House Speaker Nancy Pelosi called the spike in attacks “disturbing” and called on Americans to “come together with urgency and unity to condemn these appalling acts of hatred.”

“Antisemitism has always plagued our world, even when the violence doesn’t make headlines,” she said, insisting that “Today and every day we stand in solidarity with the Jewish community.”

People attend a rally denouncing antisemitic violence
People attend a rally in Cedarhurst, N.Y., on Thursday condemning antisemitic violence. (Michael M. Santiago/Getty Images)

Senate Minority Leader Mitch McConnell, R-Ky., decried the “latest despicable resurgence in antisemitism around the world,” noting that this week he co-sponsored legislation that would, as he put it, “make sure the bigoted thugs behind antisemitic violence meet the full force of the American justice system.”

The Preventing Anti-Semitic Hate Crimes Act, which was introduced in the House of Representatives this week by House Republican Leader Kevin McCarthy, R-Calif., and Rep.
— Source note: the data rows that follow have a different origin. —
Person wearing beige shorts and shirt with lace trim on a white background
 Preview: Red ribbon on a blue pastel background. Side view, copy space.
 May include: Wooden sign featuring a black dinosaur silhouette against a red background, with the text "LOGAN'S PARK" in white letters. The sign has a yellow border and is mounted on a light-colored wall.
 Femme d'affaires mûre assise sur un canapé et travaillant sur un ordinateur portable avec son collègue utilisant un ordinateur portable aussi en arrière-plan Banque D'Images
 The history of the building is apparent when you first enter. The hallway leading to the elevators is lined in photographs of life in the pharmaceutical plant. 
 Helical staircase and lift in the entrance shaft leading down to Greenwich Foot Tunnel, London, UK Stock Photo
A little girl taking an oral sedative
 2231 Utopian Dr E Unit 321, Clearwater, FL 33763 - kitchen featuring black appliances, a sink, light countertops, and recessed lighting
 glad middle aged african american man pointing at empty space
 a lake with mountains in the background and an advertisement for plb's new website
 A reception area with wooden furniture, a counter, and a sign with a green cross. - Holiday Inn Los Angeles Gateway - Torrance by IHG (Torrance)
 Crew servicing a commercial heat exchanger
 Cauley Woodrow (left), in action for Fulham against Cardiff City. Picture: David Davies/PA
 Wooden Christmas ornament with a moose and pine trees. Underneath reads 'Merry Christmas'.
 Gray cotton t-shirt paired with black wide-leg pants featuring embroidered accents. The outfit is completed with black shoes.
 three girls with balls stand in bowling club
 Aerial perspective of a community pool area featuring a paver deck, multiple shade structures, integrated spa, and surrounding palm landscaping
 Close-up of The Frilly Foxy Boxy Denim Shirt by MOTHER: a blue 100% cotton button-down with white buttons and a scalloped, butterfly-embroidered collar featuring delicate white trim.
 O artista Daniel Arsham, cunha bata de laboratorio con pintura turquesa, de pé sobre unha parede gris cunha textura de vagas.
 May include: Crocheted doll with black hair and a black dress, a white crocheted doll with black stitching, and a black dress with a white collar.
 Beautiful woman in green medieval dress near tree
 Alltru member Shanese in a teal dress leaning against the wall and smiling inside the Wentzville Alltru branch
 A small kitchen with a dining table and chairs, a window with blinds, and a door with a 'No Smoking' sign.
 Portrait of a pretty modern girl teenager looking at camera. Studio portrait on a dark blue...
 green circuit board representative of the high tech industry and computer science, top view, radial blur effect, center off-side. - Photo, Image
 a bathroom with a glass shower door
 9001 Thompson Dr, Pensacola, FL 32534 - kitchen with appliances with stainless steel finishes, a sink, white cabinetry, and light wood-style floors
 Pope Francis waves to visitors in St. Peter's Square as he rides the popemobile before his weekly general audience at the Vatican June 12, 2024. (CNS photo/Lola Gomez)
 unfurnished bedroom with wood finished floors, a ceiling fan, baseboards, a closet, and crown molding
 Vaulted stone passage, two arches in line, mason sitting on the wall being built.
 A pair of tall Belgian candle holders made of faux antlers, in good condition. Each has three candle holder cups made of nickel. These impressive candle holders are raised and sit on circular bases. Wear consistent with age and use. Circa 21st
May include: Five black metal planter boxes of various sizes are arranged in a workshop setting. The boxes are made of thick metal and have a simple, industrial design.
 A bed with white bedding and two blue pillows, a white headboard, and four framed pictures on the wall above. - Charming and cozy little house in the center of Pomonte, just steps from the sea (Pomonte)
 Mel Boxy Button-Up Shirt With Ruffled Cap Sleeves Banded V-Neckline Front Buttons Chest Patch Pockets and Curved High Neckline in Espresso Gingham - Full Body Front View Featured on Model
David Kustoff, R-Tenn., seeks to expedite the Justice Department’s ability to review hate crime threats against the Jewish community and bolster state and local law enforcement efforts to prevent and respond to antisemitic attacks.

“Everyone in leadership in the country has a responsibility to confront this ugliness firmly and forcefully,” McCarthy said in his prerecorded comments at the rally.

Senate Majority Leader Chuck Schumer, D-N.Y., said the recent reports of antisemitic violence in his home state and around the country are “vile, reprehensible and counter to everything America stands for.”

“Combating antisemitism is not a partisan issue,” said Schumer. “It should be combated whenever and wherever it rears its ugly head.”

“Everyone in leadership in the country has a responsibility to confront this ugliness firmly and forcefully,”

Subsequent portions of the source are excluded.